Recently I was playing around with the electronics of a plasma globe, same as from tesla coils, while randomly measuring background radiation with my 300E+ in the vicinity for an unrelated reason. The counter immediately freaked out like crazy! Upon further investigation I observed that the counter has to be within 15inches to the tesla-thing to produce a value. The closer it gets the more it measures.
Now I'm wondering if this is x-ray radiation, gammaray or just the radio interference. (Electrical discharges of tesla coils can produce radioactivity. But I don't know how much.) I think it's mostly radio interference throwing high energy electrons at the tube. (A test with a very strong magnet held at the tube showed no weird behavior but the speaker was humming. Done just for clarification) I tried overdoing it so I got me a fluorescent lightbulb. It's also heavily smelling like ozone so there is ionizing radiation, obviously.
I am certain that I am producing at least a little bit of x-rays. I would like to know how much. Is it possible to get a reading of it if put the counter inside a makeshift faraday cage or am I wrong and plain electrical interference doesn't manipulate the measurements meaning; high doses radiation?
Thanks!
Update: I tried to eliminate the possibility that electrical interference is causing this values.
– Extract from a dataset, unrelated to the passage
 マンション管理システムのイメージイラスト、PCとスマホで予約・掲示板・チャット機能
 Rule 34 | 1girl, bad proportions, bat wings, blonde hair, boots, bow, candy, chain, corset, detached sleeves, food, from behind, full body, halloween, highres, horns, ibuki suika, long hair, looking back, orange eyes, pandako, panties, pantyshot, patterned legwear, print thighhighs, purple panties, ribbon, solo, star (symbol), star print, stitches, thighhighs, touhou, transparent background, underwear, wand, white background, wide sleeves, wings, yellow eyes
Therefore I built a Faraday cage and put the counter inside.
And unfortunately it displays no more than normal background radiation. :( But at least the faraday cage is working perfectly. :D
Remember:
EM-fields are causing false CPM!
Faraday cages are awesome.
Never leave home without one. :D
GMC-300E+ V4.20 with sbt-11a alpha tube
My statements are "stuff-a-hobbyist-says" and not in any way professional.
Interesting experiment. I know that, in theory, a Tesla coil can generate X-rays. I'm not sure how much though since it's certainly not the most efficient way to generate them. Your Faraday cage proves that in your setup, the registered counts were probably interference on the PCB.